Analyzing historical bike data from 2019 — 2020, we observed how annual members and casual riders use Cyclistic bikes differently. Key findings include:
Both groups prefer Sunday and Saturday for longer rides, resulting in a U-shaped trend with a greater dip in the midweek for casual riders.
Annual members have consistent ride durations throughout the week, while casual riders have varying durations.
Annual members take more rides overall compared to casual riders.
Annual members ride more on weekdays, while casual riders ride more on weekends.
The busiest period for bike trips is July, August, and September, coinciding with the warmer summer months.
In the Act phase, we will leverage the insights gained from our analysis of bike-share data to formulate actionable recommendations for stakeholders. By acting upon these recommendations, we aim to address the business problem effectively and facilitate data-driven decision-making.
Launch a captivating email campaign for casual riders in early Spring, extending it throughout the Summer to attract and retain customers.
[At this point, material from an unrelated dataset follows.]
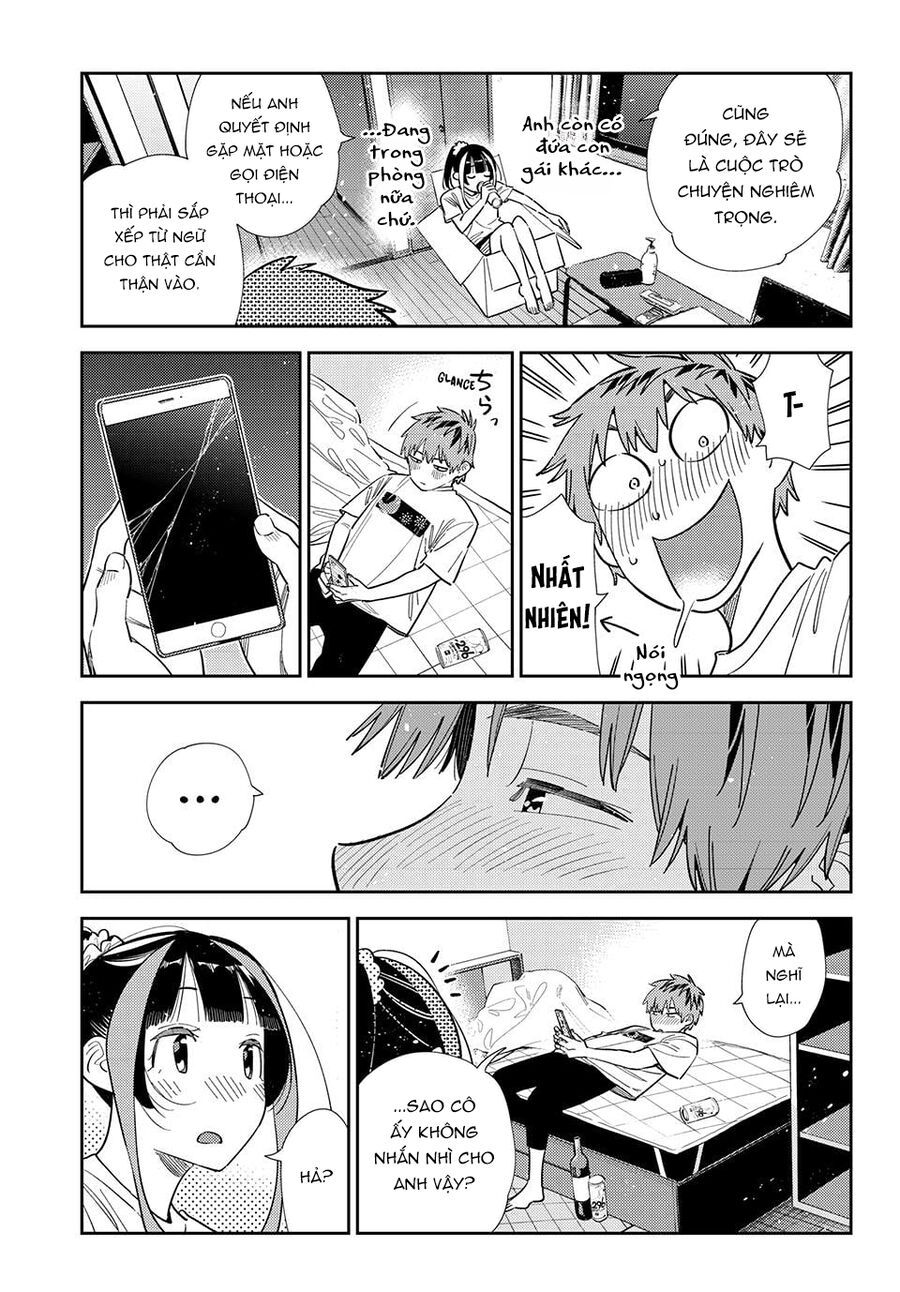 Dịch Vụ Thuê Bạn Gái Chap 389 - Next Chap 390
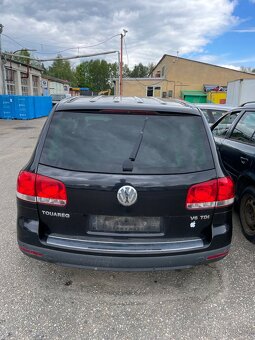VW Touareg V6 TDI Díly - 2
Strategically schedule offers and promotions, such as early bird sign-ups and discounted memberships, encouraging potential riders to join ahead of the busy season. Highlight the advantages of becoming an annual member compared to remaining a casual rider.
Introduce enticing weekend passes tailored to weekend activities and entertainment, providing casual riders with flexible options.
Leverage the power of digital marketing channels to effectively promote the new weekend passes, capturing the attention of potential riders.
Identify popular spots frequented by casual riders using a visually appealing map, establish collaborative partnerships, and offer exclusive membership discounts combined with entertainment pairings (e.g., restaurant discounts, entry passes to sports venues). Emphasize the unique advantages of becoming an annual member.